**Problem to solve:**
Would you print, word for word, only the lines running from the line with "For Sale: $3,495,000" to the last line of the entries, without the pictures?

(Web page caption snippets)

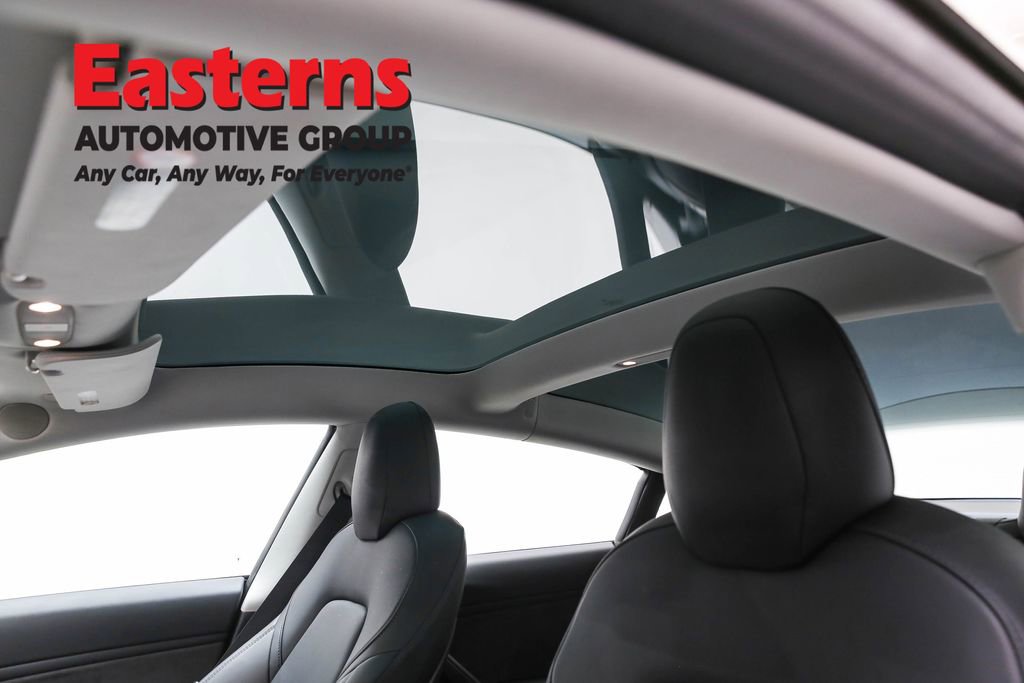 Used 2018 Tesla Model 3 Long Range image 31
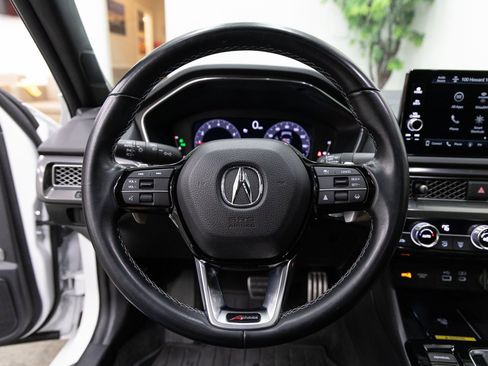 Used 2023 Acura Integra A-Spec image 16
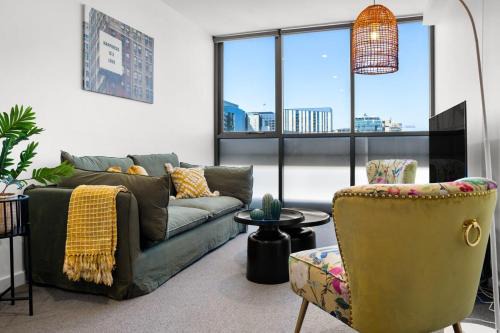 Adelaide Central Business District Apartment | Pure Luxury Modern CBD 1BR Apt ChinaTown Carpark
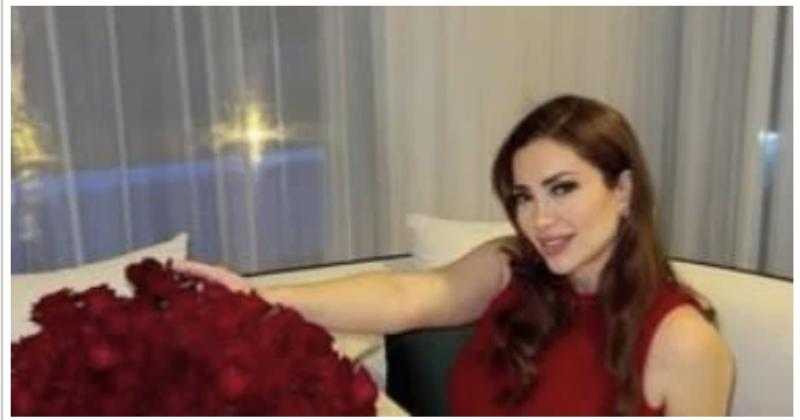 نسرين طافش تحتفل بعيد ميلادها وعيد الحب بإطلالة مميزة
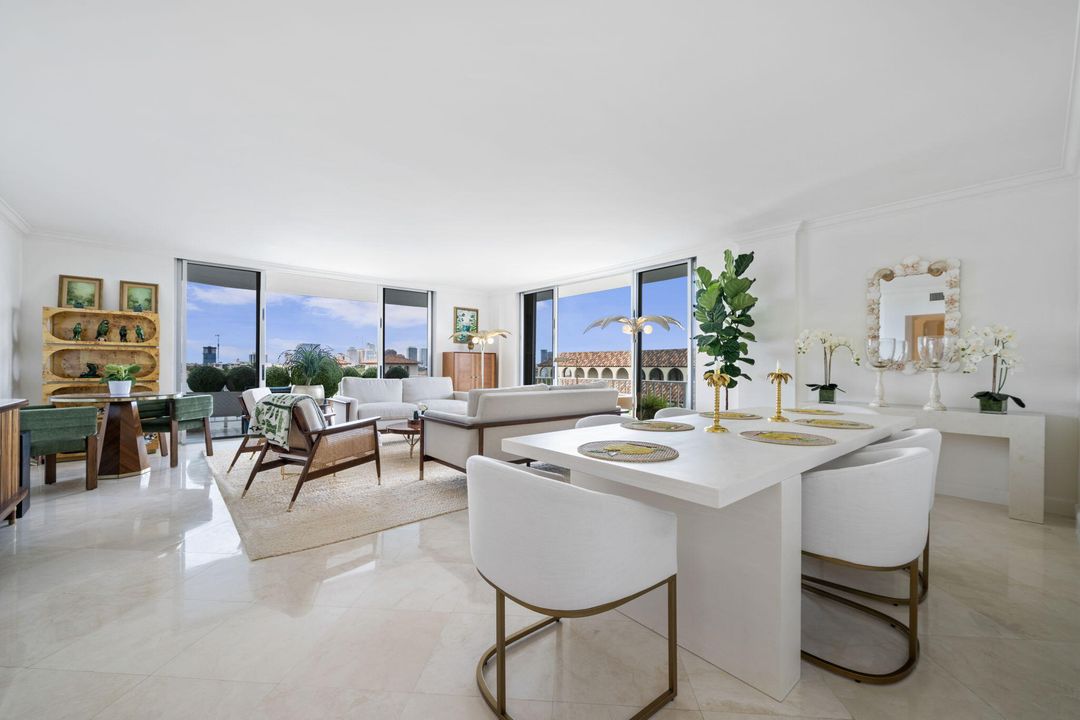 For Sale: $3,495,000 (2 beds, 2 baths, 1588 Square Feet)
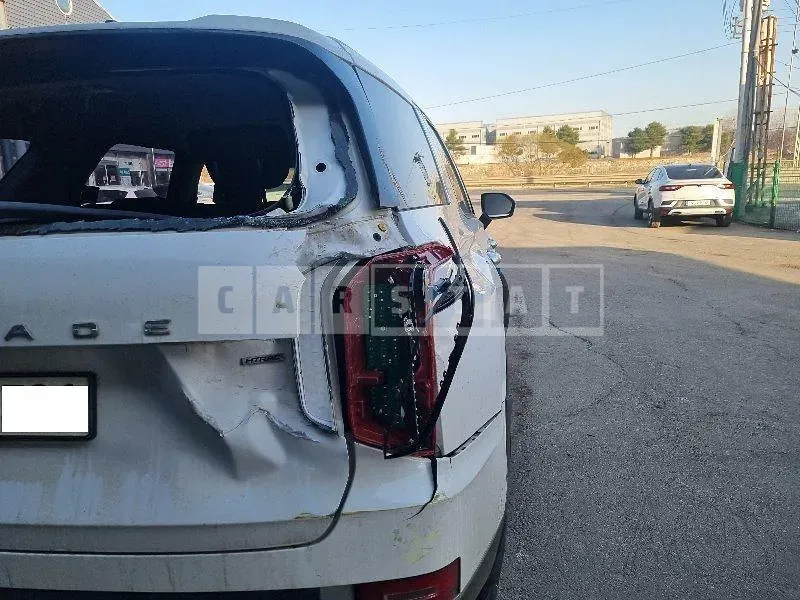 Photo 2 of 28: 2021 Hyundai Palisade, VIN KMHR281ADMU291146 — Korean insurance auction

**Your solution:**
 For Sale: $3,495,000 (2 beds, 2 baths, 1588 Square Feet)
 Photo 2 of 28: 2021 Hyundai Palisade, VIN KMHR281ADMU291146 — Korean insurance auction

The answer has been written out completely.